# What you have to do
Would you please copy only the lines from the line that contains "VINTAGE GRIFFIN SHINEMASTER" to the end of the data below, exactly, leaving every picture out?

(Supplied information)

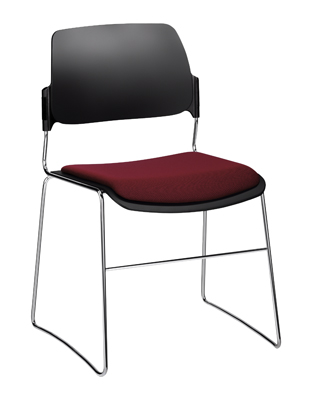Egymásra rakható szék, Anyaga: fekete műanyag, Támla magasság: 390 mm, Ülőke Sz x Mé x M: 400x460x435 mm, krómozott csúszótalp állvány, piros párnázás, 2 db/csomag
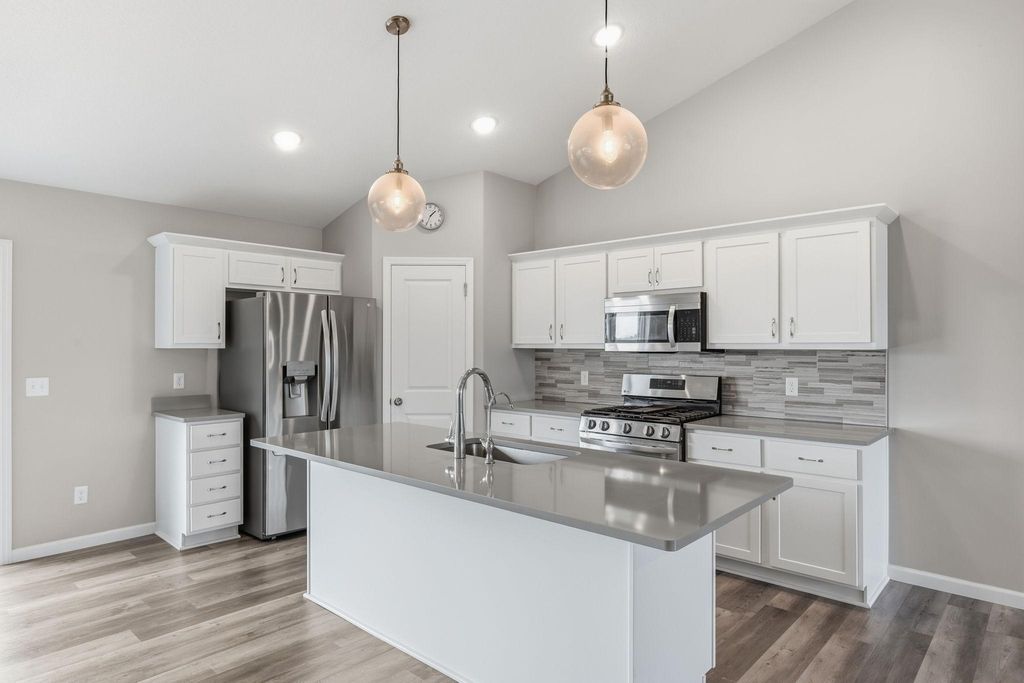 19714 English Avenue N, Forest Lake, MN 55025 — photo 4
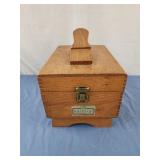 VINTAGE GRIFFIN SHINEMASTER WOOD SHOE SHINE BOX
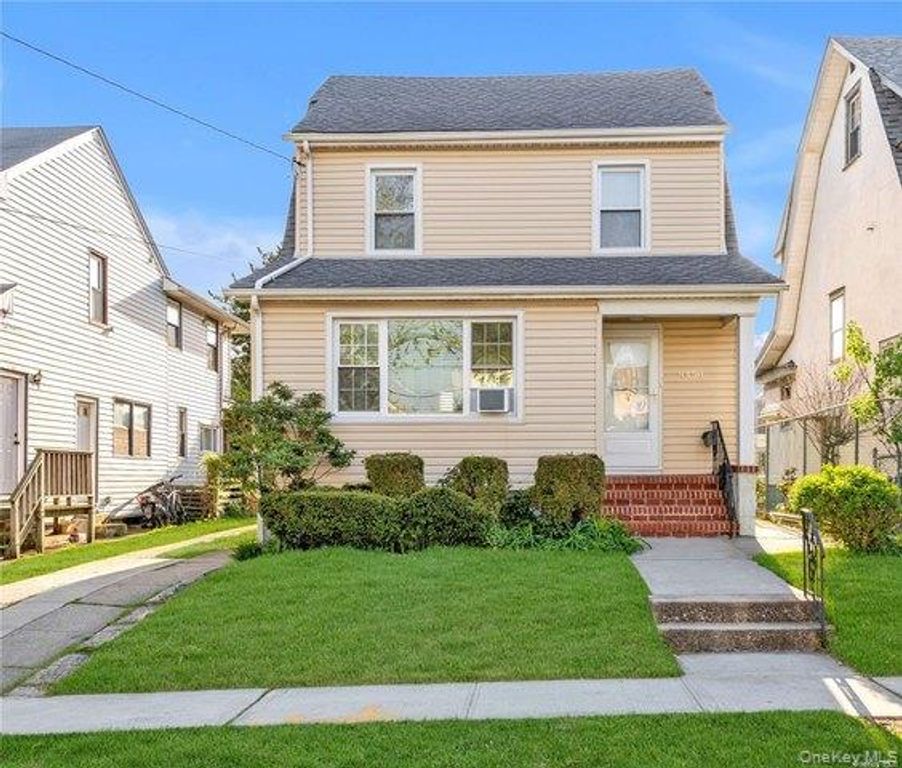 8450 159th Street, Jamaica, NY 11432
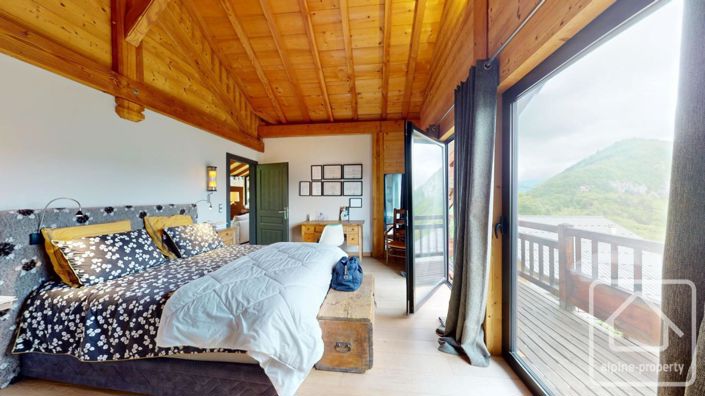 Image No.29-4 Bed Property for sale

(End Supplied information)

# Solution to the problem
 VINTAGE GRIFFIN SHINEMASTER WOOD SHOE SHINE BOX
 8450 159th Street, Jamaica, NY 11432
 Image No.29-4 Bed Property for sale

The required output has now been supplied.